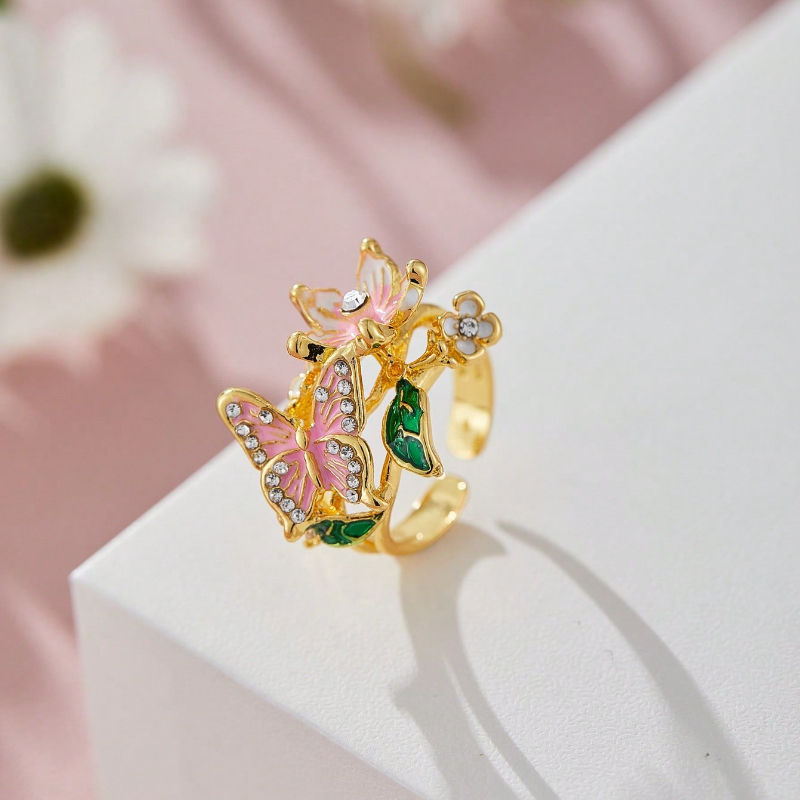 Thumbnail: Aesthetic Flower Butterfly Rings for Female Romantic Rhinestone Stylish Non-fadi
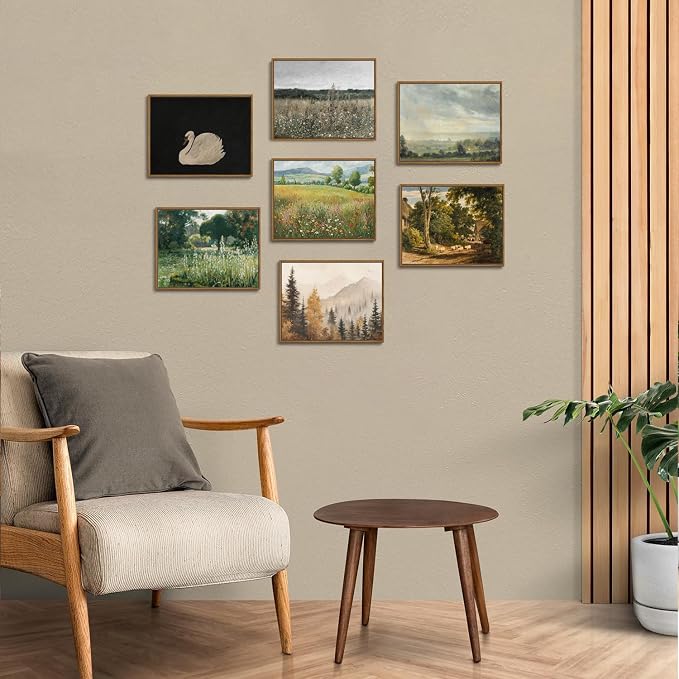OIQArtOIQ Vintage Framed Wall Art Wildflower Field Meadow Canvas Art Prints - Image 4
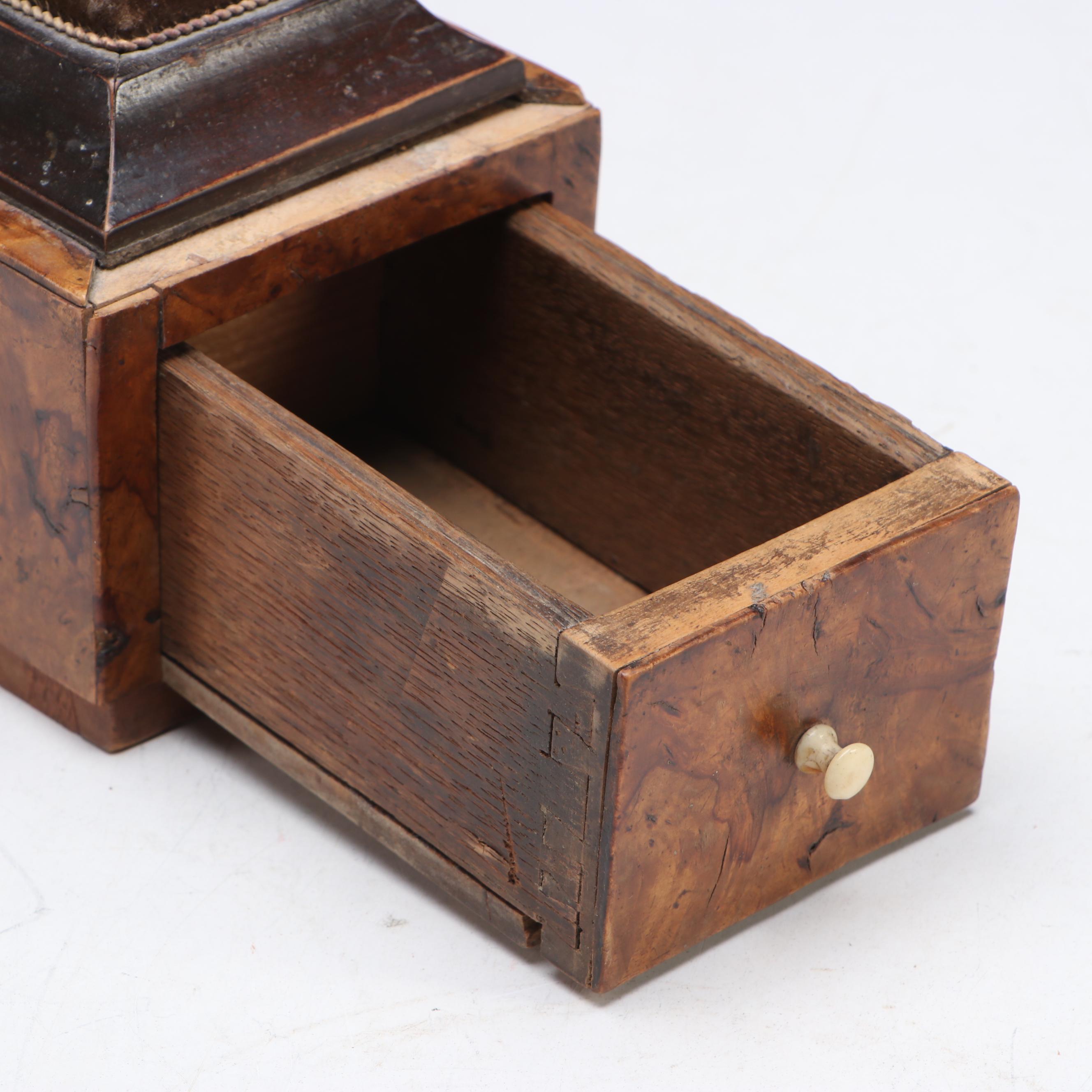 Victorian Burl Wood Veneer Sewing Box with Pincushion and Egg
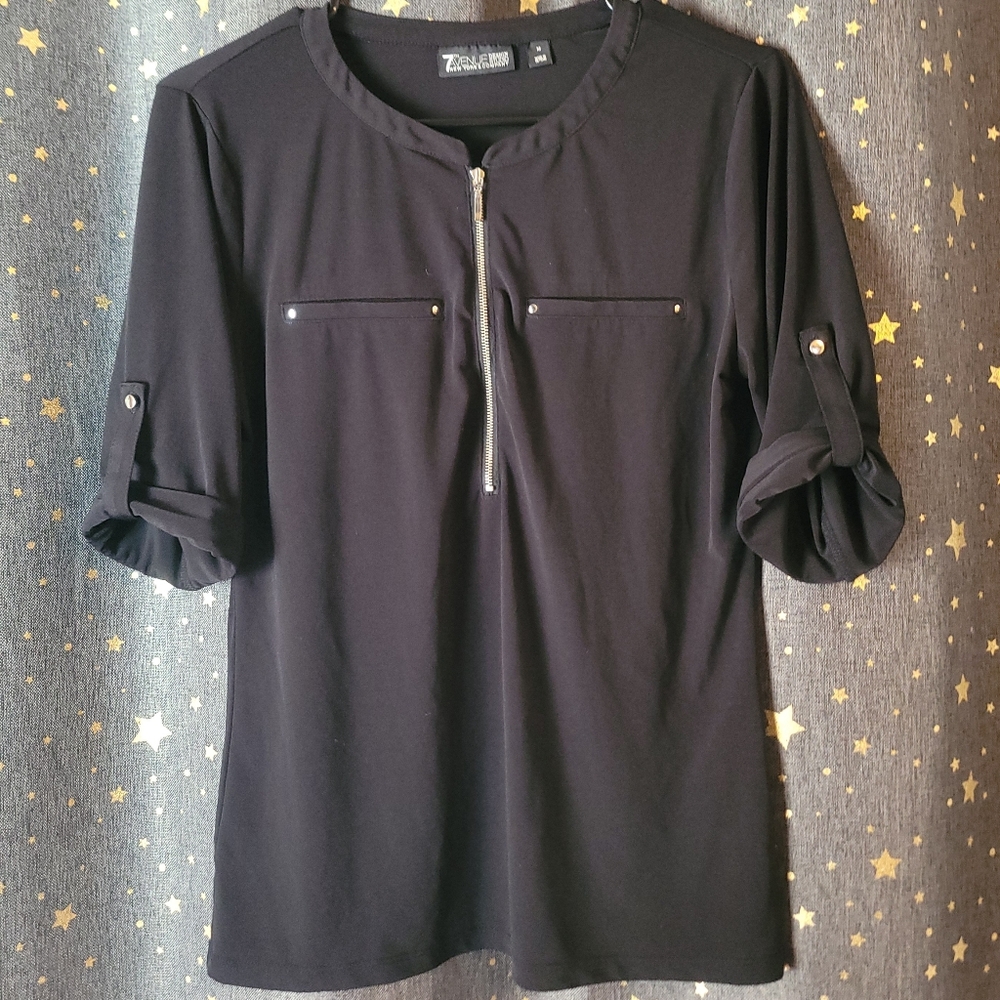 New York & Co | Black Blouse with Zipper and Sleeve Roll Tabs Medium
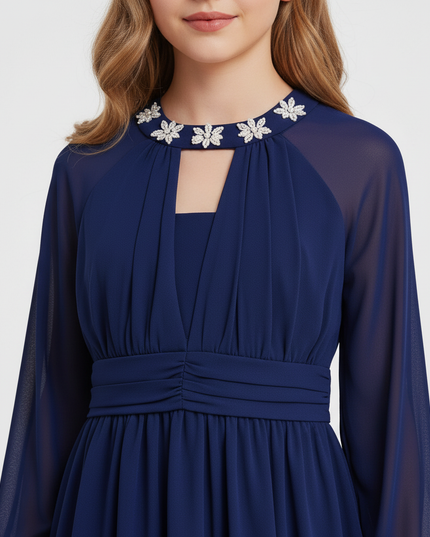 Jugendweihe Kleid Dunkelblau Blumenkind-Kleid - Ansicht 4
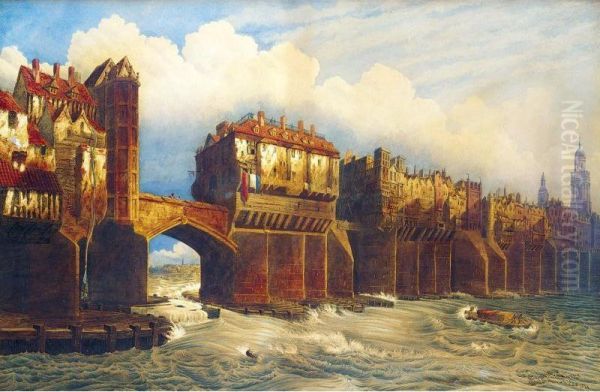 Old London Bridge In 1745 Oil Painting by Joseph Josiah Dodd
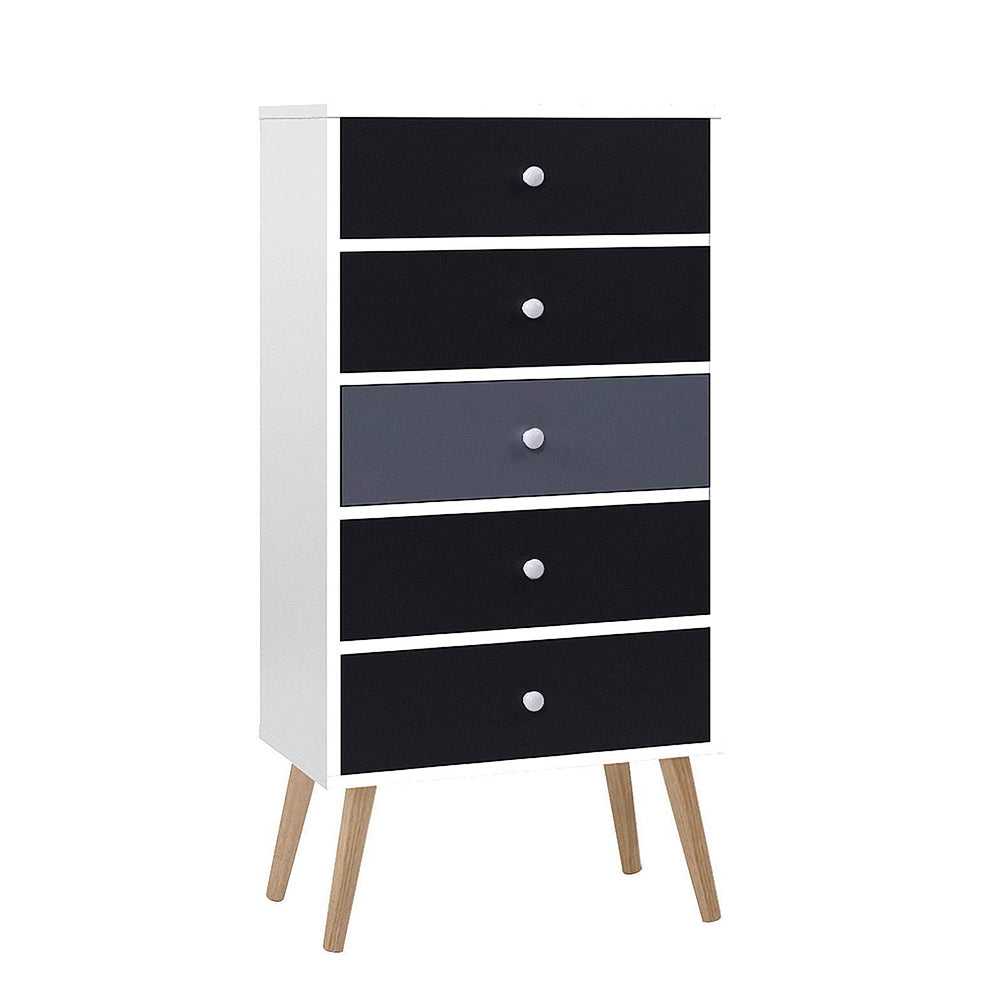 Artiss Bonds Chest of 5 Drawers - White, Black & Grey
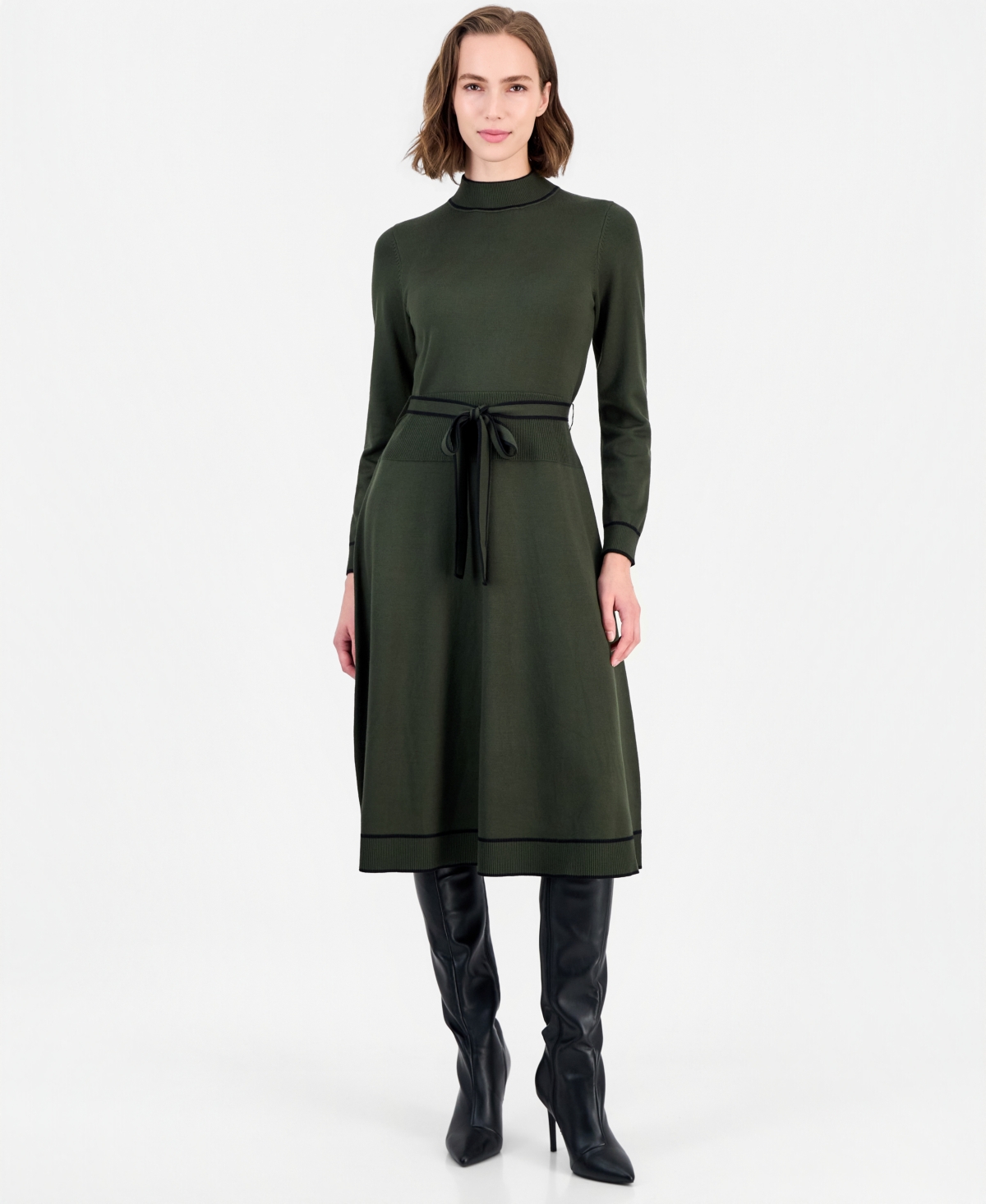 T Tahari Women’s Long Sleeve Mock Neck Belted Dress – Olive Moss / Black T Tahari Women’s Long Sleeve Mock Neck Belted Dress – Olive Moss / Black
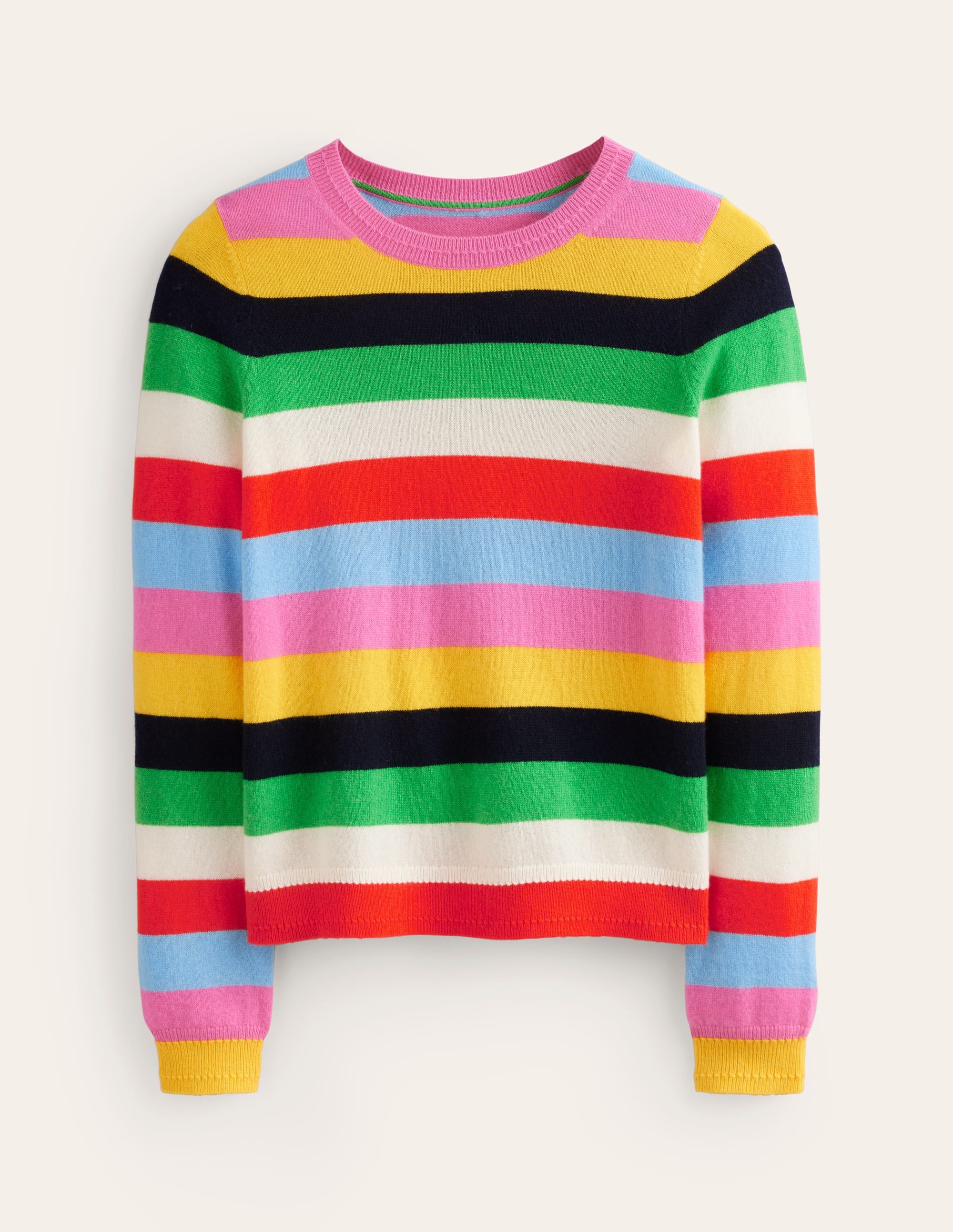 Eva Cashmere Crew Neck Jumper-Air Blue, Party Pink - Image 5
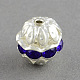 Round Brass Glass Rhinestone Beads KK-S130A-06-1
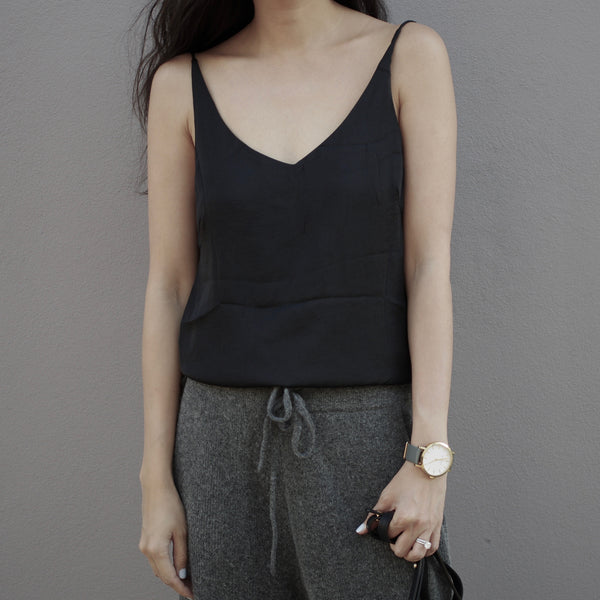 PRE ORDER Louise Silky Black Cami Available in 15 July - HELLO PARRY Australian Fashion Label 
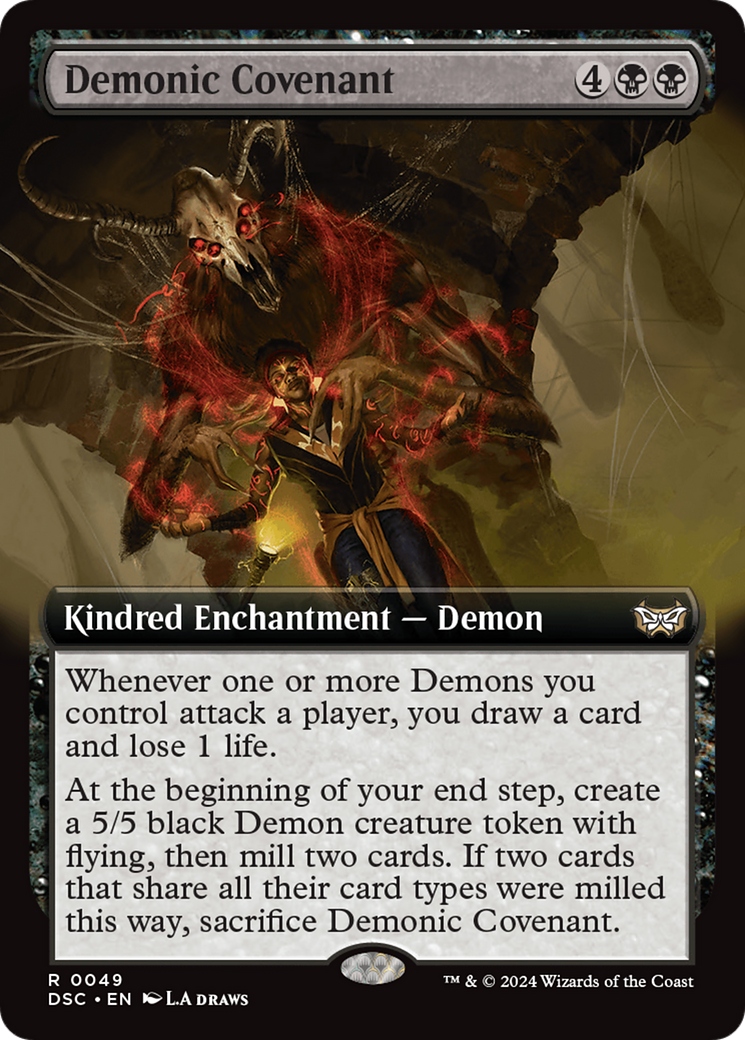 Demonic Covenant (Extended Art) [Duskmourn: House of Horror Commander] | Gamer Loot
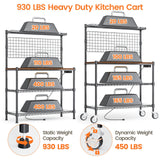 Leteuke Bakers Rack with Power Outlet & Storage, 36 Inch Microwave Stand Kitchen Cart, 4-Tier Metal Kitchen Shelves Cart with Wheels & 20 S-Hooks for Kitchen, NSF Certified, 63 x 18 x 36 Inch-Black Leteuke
:::::
#### [YOUR OBJECTIVE]
Although pictures appear among the records above, none are to be output; print exactly the lines from the line containing "Eva Cashmere Crew" through the line containing "Demonic Covenant (Extended".

#### [SOLUTION BELOW]
 Eva Cashmere Crew Neck Jumper-Air Blue, Party Pink - Image 5
 Round Brass Glass Rhinestone Beads KK-S130A-06-1
 PRE ORDER Louise Silky Black Cami Available in 15 July - HELLO PARRY Australian Fashion Label 
 Demonic Covenant (Extended Art) [Duskmourn: House of Horror Commander] | Gamer Loot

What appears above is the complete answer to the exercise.